As energy is transferred from waves to electrons, those electrons accelerate up to 20,000 km/s (or 45 million mph) before colliding with atoms in the thin air of the upper atmosphere, producing a discrete aurora arc. It’s a phenomenon known as Landau damping, after the Soviet physicist Lev Landau who first described it theoretically in 1946. The effect is also essential for stability in particle accelerators, since it suppresses any unwanted motions from particle beams interacting with their surroundings via electromagnetic wakefields.
There is already some evidence in support of this theory from observations of Alfvén waves moving Earthward above auroras made during the flight of sounding rockets and certain spacecraft missions. But a definitive measurement for both Alfvén waves and the accelerated electrons was still lacking. So the team decided to conduct a series of experiments at the Large Plasma Device (LPD) at UCLA’s Basic Plasma Science Facility, which creates plasmas capable of supporting Alfvén waves—similar to plasmas in space, albeit on a smaller, terrestrial scale.

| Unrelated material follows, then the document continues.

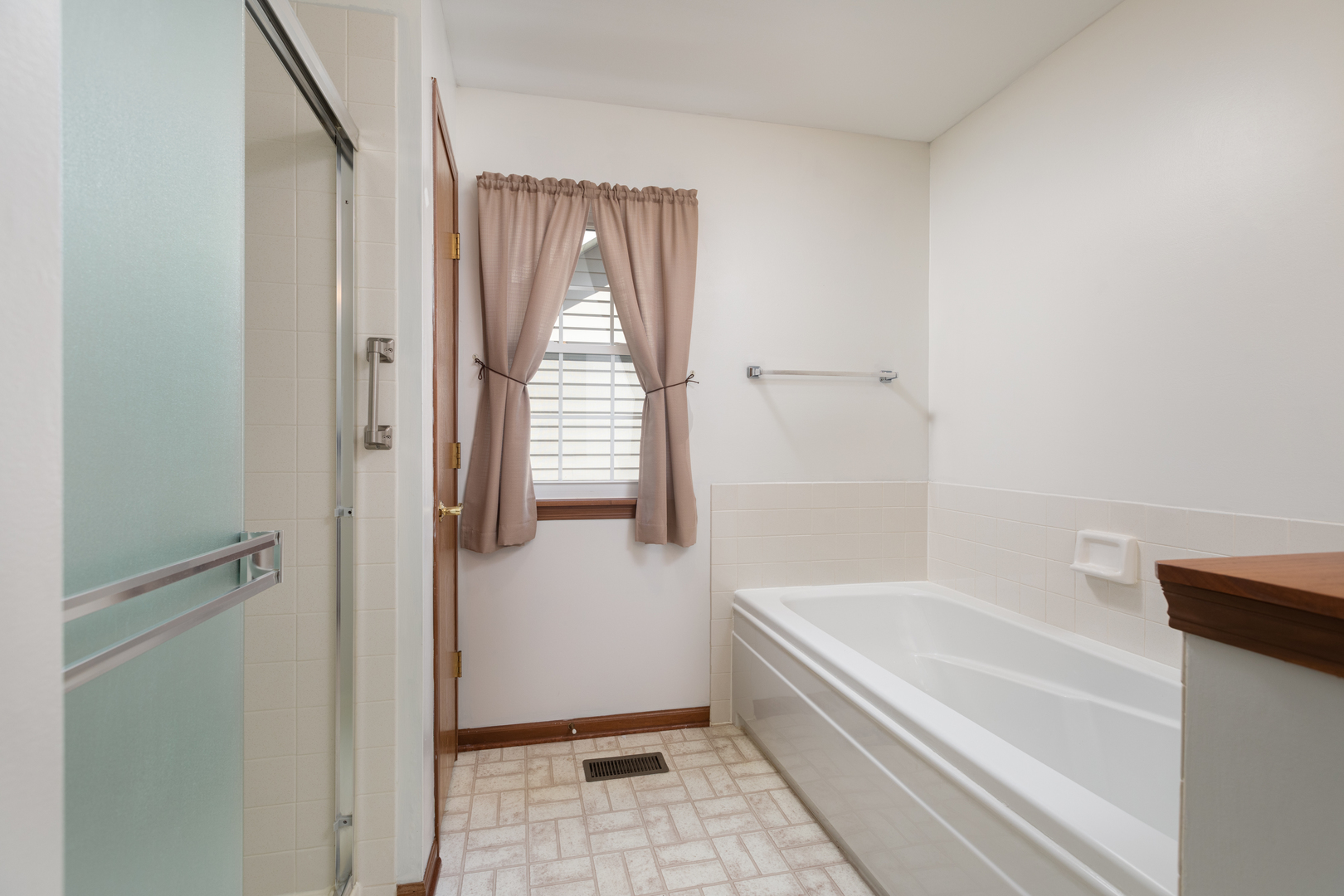 13424 Tall Pines Lane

It was a daunting challenge, since they needed to measure a very small population of electrons as they sped down the LPD chamber, at close to the same speed as the Alfvén waves. So the physicists had to develop a number of new instruments and techniques—not just a device sensitive enough to measure a few electrons, but also a high-powered antenna to launch Alfvén waves with the right characteristics to be able to accelerate those electrons. They also had to figure out how to combine measurements of the electrons and electric fields to get a unique signature for that acceleration.

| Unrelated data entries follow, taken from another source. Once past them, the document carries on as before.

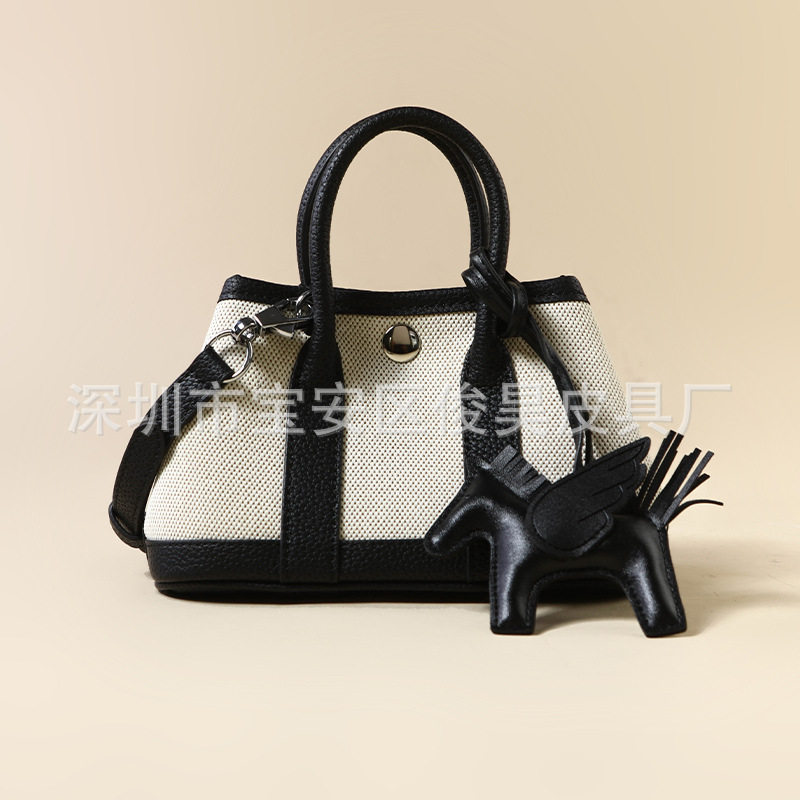 スペルブラック 19cm（ポニー付き）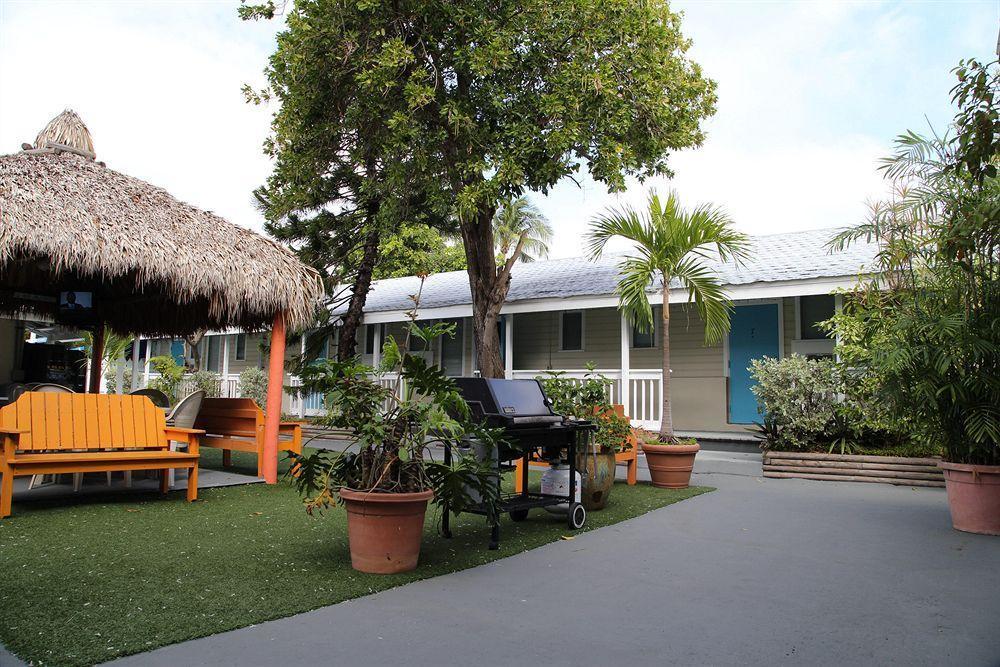 Hostel Seashell And International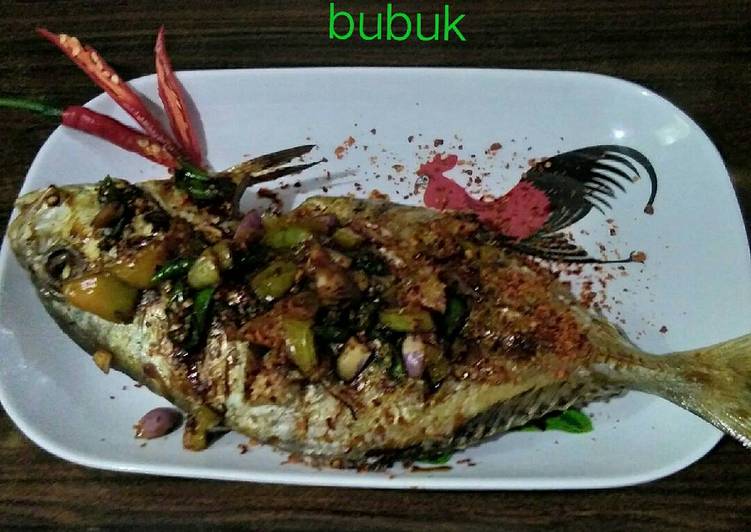 Bagaimana Menyiapkan Ikan bakar cabe bubuk #ketopad_cp_e kitchen #recook@ e kitchen Anti Gagal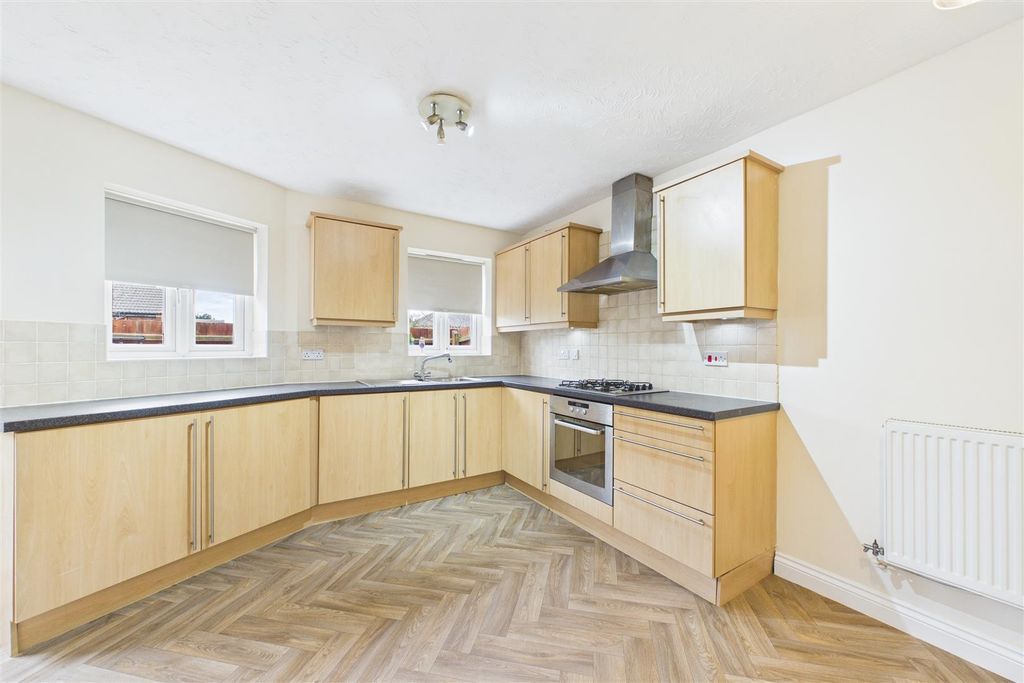 Property photo 3 of 16 Kitchen Diner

All the electrons in the plasma created within the experimental chamber moved at a range of speeds, but less than one in a thousand were moving down the chamber at nearly the same speed as the Alfvén waves. And as predicted, “Measurements revealed this small population of electrons undergoes ‘resonant acceleration’ by the Alfvén wave’s electric field, similar to a surfer catching a wave and being continually accelerated as the surfer moves along with the wave,” said co-author Greg Howes, a physicist at the University of Iowa. The experimental results matched their predicted signature for the damping effect.
“The idea that these waves can energize the electrons that create the aurora goes back more than four decades, but this is the first time we’ve been able to confirm definitively that it works,” said co-author Craig Kletzing, also a physicist at the University of Iowa. “These experiments let us make the key measurements that show that the space measurements and theory do, indeed, explain a major way in which the aurora are created.”
DOI: Nature Communications, 2021. 10.1038/s41467-021-23377-5 (About DOIs).